Windows Explorer File History screenshot

This is a supply-your-own media solution, meaning that you need to have a hard disk or other medium available of sufficient size to hold all your backup data. When a disk becomes full, you’ll need to add a disk or swap out the full disk to continue your backups.

We’ve written previously on this strategy at Should I use an external drive for backup?

Strategy 2 — Back Up to a Local Area Network (LAN)

Computers, servers, and network-attached-storage (NAS) on your local network all can be used for backing up data. Microsoft’s built-in backup tools can be used for this job, as can any utility that supports network protocols such as NFS or SMB/CIFS, which are common protocols that allow shared access to files on a network for Windows and other operatings systems. There are many third-party applications available as well that provide extensive options for managing and scheduling backups and restoring data when needed.

NAS cloud

Multiple computers can be backed up to a single network-shared computer, server, or NAS, which also could then be backed up to the cloud, which rounds out a nice backup strategy, because it covers both local and remote copies of your data. System images of multiple computers on the LAN can be included in these backups if desired.

Again, you are managing the backup media on the local network, so you’ll need to be sure you have sufficient room on the destination drives to store all your backup data.

Strategy 3 — Back Up to Detached Drive at Another Location

You may have have read our recent blog post, Getting Data Archives Out of Your Closet, in which we discuss the practice of filling hard drives and storing them in a closet. Of course, to satisfy the off-site backup guideline, these drives would need to be stored in a closet that’s in a different geographical location than your main computer. If you’re willing to do all the work of copying the data to drives and transporting them to another location, this is a viable option.

stack of hard drives

The only limitation to the amount of backup data is the number of hard drives you are willing to purchase — and maybe the size of your closet.

Strategy 4 — Back Up to the Cloud

Backing up to the cloud has become a popular option for a number of reasons. Internet speeds have made moving large amounts of data possible, and not having to worry about supplying the storage media simplifies choices for users. Additionally, cloud vendors implement features such as data protection, deduplication, and encryption as part of their services that make cloud storage reliable, secure, and efficient. Unlimited cloud storage for data from a single computer is a popular option.

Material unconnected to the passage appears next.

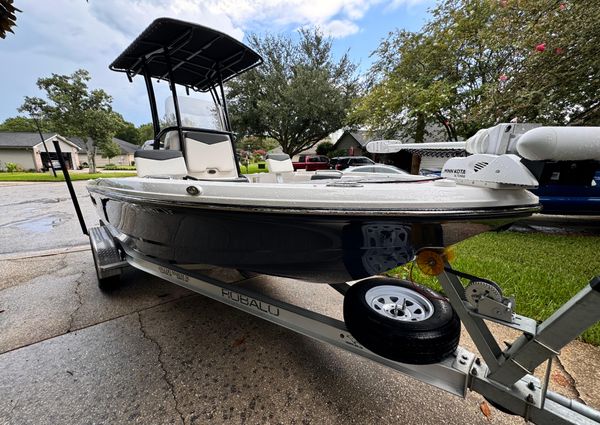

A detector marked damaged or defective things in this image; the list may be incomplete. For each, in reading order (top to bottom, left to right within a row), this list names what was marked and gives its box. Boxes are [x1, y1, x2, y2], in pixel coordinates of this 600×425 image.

cracked pavement [0, 181, 596, 422]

A backup vendor likely will provide a software client that runs on your computer and backs up your data to the cloud in the background while you’re doing other things, such as Backblaze Personal Backup, which has clients for Windows computers, Macintosh computers, and mobile apps for both iOS and Android. For restores, Backblaze users can download one or all of their files for free from anywhere in the world. Optionally, a 128 GB flash drive or 4 TB drive can be overnighted to the customer, with a refund available if the drive is returned.

Storage Pod in the cloud

Backblaze B2 Cloud Storage is an option for those who need capabilities beyond Backblaze’s Personal Backup. B2 provides cloud storage that is priced based on the amount of data the customer uses, and is suitable for long-term data storage. B2 supports integrations with NAS devices, as well as Windows, Macintosh, and Linux computers and servers.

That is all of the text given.